**Material provided:**

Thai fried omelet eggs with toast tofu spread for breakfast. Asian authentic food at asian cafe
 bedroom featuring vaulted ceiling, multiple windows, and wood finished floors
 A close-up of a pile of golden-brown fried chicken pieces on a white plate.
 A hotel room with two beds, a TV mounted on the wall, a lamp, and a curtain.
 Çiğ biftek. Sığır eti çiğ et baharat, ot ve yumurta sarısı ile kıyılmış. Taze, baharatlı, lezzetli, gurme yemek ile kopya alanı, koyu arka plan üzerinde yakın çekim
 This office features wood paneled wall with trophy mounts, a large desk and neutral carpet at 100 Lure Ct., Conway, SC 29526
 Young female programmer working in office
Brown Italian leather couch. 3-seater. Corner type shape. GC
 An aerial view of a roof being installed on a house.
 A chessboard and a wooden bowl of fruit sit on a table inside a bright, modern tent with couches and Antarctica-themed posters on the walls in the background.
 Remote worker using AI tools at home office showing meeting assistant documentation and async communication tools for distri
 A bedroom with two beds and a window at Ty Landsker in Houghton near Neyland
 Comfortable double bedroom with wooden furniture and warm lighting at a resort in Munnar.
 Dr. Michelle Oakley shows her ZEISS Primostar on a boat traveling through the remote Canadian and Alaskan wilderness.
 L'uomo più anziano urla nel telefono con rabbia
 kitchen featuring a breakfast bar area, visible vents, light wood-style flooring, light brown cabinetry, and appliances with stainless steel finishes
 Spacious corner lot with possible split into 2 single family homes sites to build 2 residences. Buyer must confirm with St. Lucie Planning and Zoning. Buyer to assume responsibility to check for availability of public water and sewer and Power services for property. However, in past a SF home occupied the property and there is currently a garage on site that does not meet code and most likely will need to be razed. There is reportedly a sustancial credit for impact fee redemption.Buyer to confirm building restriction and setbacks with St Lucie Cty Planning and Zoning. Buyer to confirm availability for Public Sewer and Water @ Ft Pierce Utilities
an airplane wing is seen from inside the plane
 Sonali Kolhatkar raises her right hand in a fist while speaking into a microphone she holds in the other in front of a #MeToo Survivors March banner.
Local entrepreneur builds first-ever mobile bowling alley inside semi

**Work to be completed:** The lines above starting at the one that contains "Remote worker using" and ending at the one that contains "kitchen featuring a" must be transcribed exactly, and no other lines may appear.

**Task response:**
 Remote worker using AI tools at home office showing meeting assistant documentation and async communication tools for distri
 A bedroom with two beds and a window at Ty Landsker in Houghton near Neyland
 Comfortable double bedroom with wooden furniture and warm lighting at a resort in Munnar.
 Dr. Michelle Oakley shows her ZEISS Primostar on a boat traveling through the remote Canadian and Alaskan wilderness.
 L'uomo più anziano urla nel telefono con rabbia
 kitchen featuring a breakfast bar area, visible vents, light wood-style flooring, light brown cabinetry, and appliances with stainless steel finishes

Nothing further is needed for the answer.